The problem lies in how the three per cent procurement is reported: by contract numbers, rather than contract monetary value.

By this measurement, the IPP appears to be an overwhelming success. In 2015–16 a target 0.5 per cent of contracts were to be awarded to Indigenous businesses (with the figure increasing incrementally to three per cent by 2020). However, the government reported 2.9 per cent of contracts were awarded to Indigenous suppliers in that year — and this purported success sparked the date fast-tracking.

On face value, you would think the IPP had reached policy nirvana.


But analysing the IPP by actual monetary value, rather than contract numbers, paints a grimmer picture.

Measuring the target as contract numbers allows figures to be boosted with large numbers of small contracts. While 2.9 per cent of 2015–16 contracts were awarded to Indigenous businesses, this represented less than one per cent of actual federal government procurement spend in dollar terms.

Every portfolio’s figures were enhanced by this measure. Indeed, the Department of Human Services awarded 7.2 per cent of contracts to Indigenous suppliers, but that accounted for only 0.5 per cent of spend — and that was a boost of 6.8 per cent.

While many Aboriginal businesses have undoubtedly benefitted from the IPP, these numbers suggest that we shouldn’t get too caught up in the government’s self-congratulations.

At the heart of this situation lies a deeper issue around the construction of government policy — it is those who make it that define its success.
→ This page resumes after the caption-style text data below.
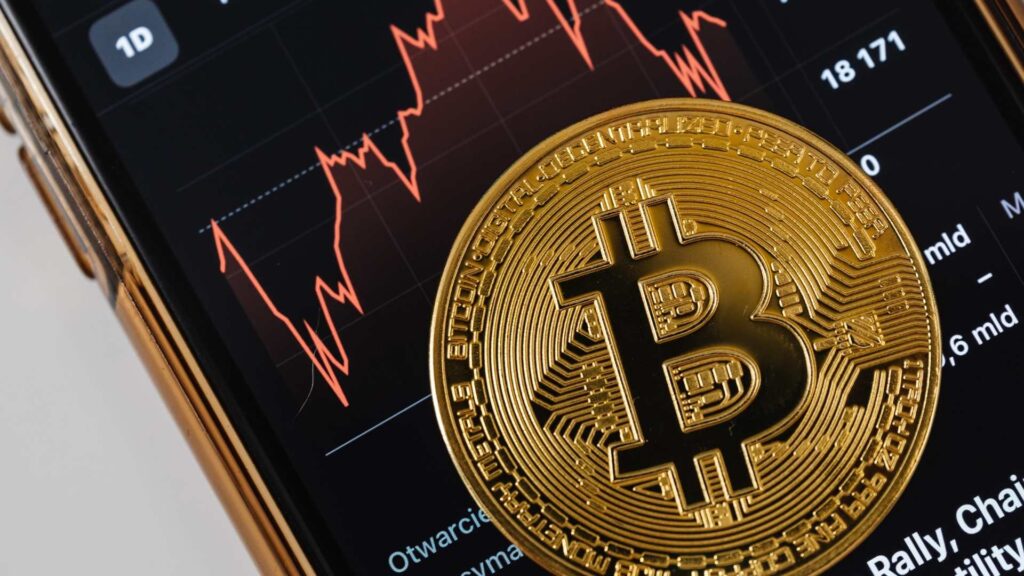El precio del bitcoin roza los 60 000 dólares mientras una compresión histórica apunta a un gran movimiento en el mercado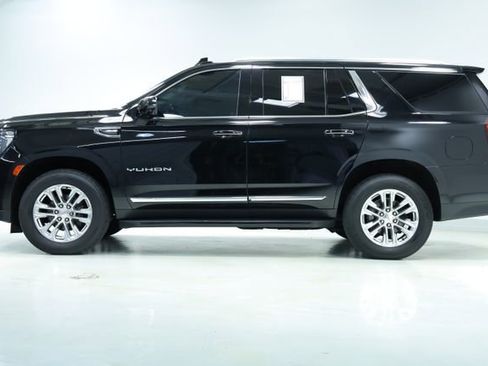 Used 2021 GMC Yukon SLT w/ SLT Premium Package image 4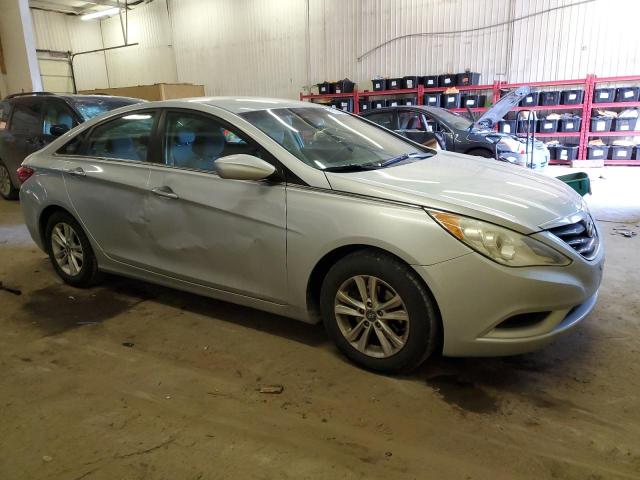 5NPEB4AC5DH694483 - 2013 HYUNDAI SONATA GLS SILVER photo 4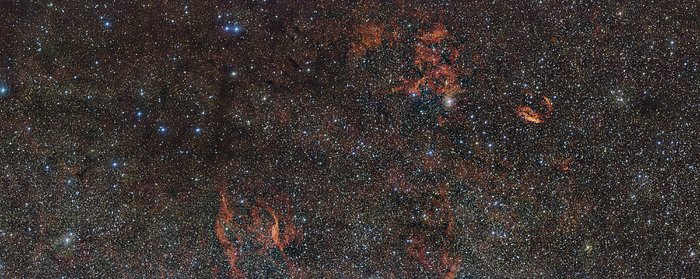 Le ciel qui entoure la région de formation d'étoiles RCW 106 (vue étendue)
Ministers and bureaucrats set the parameters of what must be achieved, and in some cases, policies may be designed to not fail in meeting targets — a policy that achieves targets is reported as ‘successful’.

However, there is a difference between a successful policy and a good policy; the latter being one that achieves tangible outcomes for the target group.

Reporting by contract number, rather than monetary value suggests that policymakers are scared of failure. If a department is struggling to meet targets they could simply award a large number of small value contracts.

It appears this might already be happening. While the number of IPP contracts awarded has more than doubled from 1509 in 2015–16 to 3748 in 2016–17, the amount spent has remained the same.

Indigenous economic policy is a tricky business and government procurement will not solve Indigenous economic disadvantage. Nonetheless, the IPP can have a positive impact.

The policy has changed the conversation — Indigenous people are starting to talk about entrepreneurship, and leading companies in the private sector have recognised the unique competitive advantage partnering with Aboriginal suppliers can provide.

Although it is the IPPs targets — not Indigenous businesses — that have been supercharged, the change of attitudes motivated by the policy have been vitally important and can be celebrated as its greatest success.

Charles Jacobs is a Policy Analyst in the Centre for Independent Studies Indigenous Research Program and author of the report: Risky Business: the problems of Indigenous business policy.